Selim Salau and Asia Osaro had done fine as opening duo for the South-South, but by 8.3 over Salau got bowled. They later lost four more wickets (Osaro Asisa, 9.2, Isaac Oyemba, 9.4, Useni Prosper, 9.5).

“I am the captain and number six batsman, and watching all these from the bench was really devastating.” Oyemba was his most respected and most disciplined teammate, while Prosper had this toga of former U-19 star handing over him. But as they all got dismissed it then lies with Destiny how the match must turn out.

“Shocking for me was Prosper as he got off on a ‘golden duck.’ I knew I had to do something. So as I walked in, I heard the coach say to me ‘Destiny. Skip. Responsibility.’ And this time he added ‘Take Charge’. I can’t forget those words easily.
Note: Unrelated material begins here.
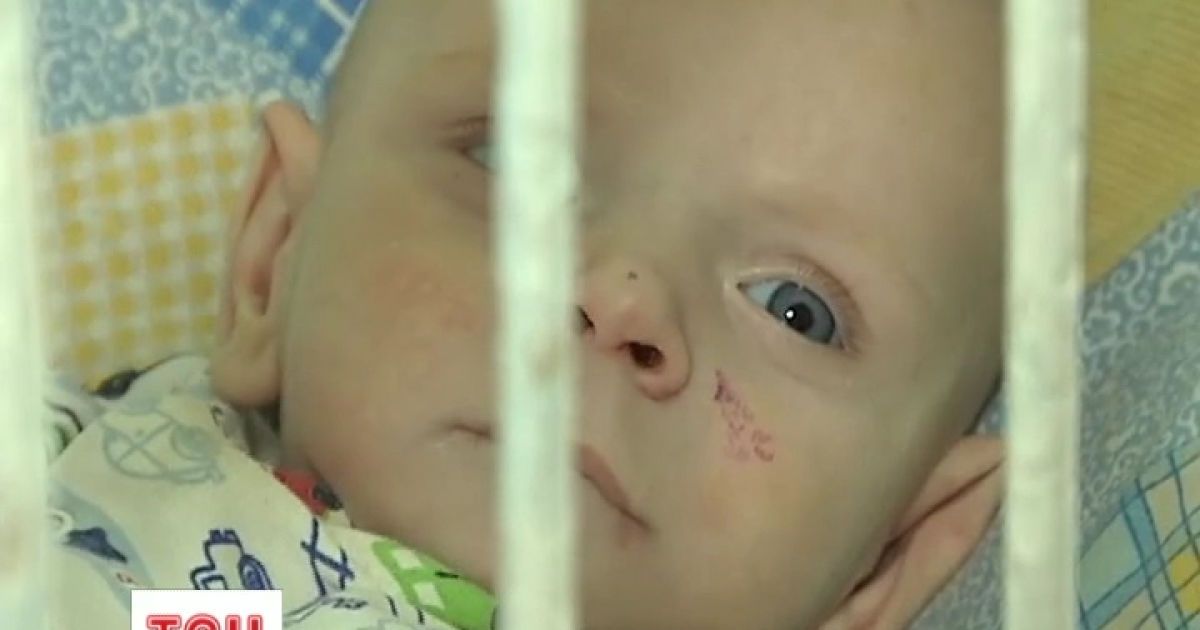 Дитина голодувала так довго, що забула як їсти.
“What I did was simple, I told myself I was going to track every ball to my bat and say a prayer after every ball.”
Destiny’s composure stabilized the game as he stayed through the end of the inning at 22.5, where they chalked 97 runs to set up an intriguing run off by their North West opponents.

Despite the shortfall, a tempo was already set going forward that meant the opponents were now on the edge to race past the 97.

“Naturally, the North West team would have done that easily, but I think we were pumped and our coaches didn’t put pressure on us, we were just asked to go and have fun. And we did.”

By the third overs, they had sent the opening batmen (Adams Ibrahim 3.3, Sunday Joshua 3.4) packing. They took another four before the 12th was over (Theophilus Jeremiah 5.3, Dominic Aliyu, 6 Paul Pam, 10.2, 40-6 Alhassan Alfa, 10.4, Boniface Kenneth, 12.1) to set up what became the climax of the event.

“By that time, we knew the game was for us to lose. But we won and it became my most memorable cricket match.”
Destiny and some of his team mates have been invited for trials with the U-19 national team billed to face Namibia, Uganda and two other qualifiers from the division two in an African youth competition.